Britain, the US and Canada have announced coordinated designations against Riad Salameh and three associates.
The UK has sanctioned Lebanon’s former central bank governor, according to a statement.
Britain, the US and Canada have announced coordinated designations against Riad Salameh and his three associates for allegedly diverting 300 million dollars (£235 million) for personal gain, the Foreign Office said.
Mr Salameh, who has repeatedly denied charges of corruption, is facing a criminal investigation for alleged financial crimes including illicit enrichment and embezzlement.
First appointed as governor of Lebanon’s central bank in 1993, Mr Salameh was initially credited with bringing stability to the country’s economy.
But he has since been blamed for a financial crisis which has seen soaring inflation and millions plunged into poverty.
He stepped down from the role in July amid a large-scale criminal probe.
Mr Salameh, his brother Raja Salameh, former assistant Marianne Hoayek and former partner Anna Kosakova have all been subject to travel bans and asset freezes, the Foreign Office said on Thursday.

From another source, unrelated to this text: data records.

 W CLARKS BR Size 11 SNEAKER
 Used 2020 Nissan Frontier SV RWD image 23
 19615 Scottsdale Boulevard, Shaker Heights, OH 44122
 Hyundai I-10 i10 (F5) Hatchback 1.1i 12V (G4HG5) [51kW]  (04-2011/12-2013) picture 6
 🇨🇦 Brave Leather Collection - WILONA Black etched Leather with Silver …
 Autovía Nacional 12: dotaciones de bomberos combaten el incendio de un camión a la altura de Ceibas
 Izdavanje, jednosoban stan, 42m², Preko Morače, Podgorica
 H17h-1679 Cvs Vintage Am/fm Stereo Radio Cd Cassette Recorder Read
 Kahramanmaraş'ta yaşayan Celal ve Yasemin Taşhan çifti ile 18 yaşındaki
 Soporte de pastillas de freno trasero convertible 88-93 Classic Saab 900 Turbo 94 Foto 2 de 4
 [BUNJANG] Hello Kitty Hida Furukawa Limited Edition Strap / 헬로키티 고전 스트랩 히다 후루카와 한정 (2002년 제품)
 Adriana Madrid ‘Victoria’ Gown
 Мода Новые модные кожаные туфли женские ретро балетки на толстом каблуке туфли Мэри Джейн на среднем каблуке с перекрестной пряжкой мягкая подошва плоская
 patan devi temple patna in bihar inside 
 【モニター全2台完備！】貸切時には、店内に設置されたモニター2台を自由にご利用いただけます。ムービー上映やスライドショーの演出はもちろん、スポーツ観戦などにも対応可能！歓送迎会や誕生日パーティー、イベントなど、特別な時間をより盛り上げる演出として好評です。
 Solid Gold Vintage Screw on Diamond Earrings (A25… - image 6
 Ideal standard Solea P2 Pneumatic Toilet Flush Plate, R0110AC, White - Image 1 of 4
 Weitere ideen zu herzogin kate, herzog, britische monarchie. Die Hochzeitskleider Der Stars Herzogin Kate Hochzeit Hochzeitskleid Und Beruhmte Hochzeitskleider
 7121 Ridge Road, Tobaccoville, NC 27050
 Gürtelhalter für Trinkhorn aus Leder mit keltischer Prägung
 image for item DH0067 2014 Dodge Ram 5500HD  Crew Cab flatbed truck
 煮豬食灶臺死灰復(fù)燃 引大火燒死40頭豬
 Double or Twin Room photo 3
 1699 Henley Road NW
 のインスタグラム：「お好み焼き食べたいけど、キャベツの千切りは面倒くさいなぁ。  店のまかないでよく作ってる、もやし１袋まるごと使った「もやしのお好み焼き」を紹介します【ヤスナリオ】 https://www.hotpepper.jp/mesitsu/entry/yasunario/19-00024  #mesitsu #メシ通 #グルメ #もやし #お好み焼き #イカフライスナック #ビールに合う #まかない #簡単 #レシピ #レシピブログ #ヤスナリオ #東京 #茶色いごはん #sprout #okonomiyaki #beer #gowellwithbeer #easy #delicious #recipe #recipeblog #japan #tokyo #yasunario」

Minister of State for the Middle East Lord Ahmad said: “Riad Salameh and his close associates have stolen from the people of Lebanon and deprived them of resources crucial to its economic and social stability.
“The UK is dedicated to fighting for justice and accountability for Lebanon and the Lebanese people. The only way to put Lebanon on the path to much-needed economic recovery is for its leaders to stamp out corruption and implement real reforms.”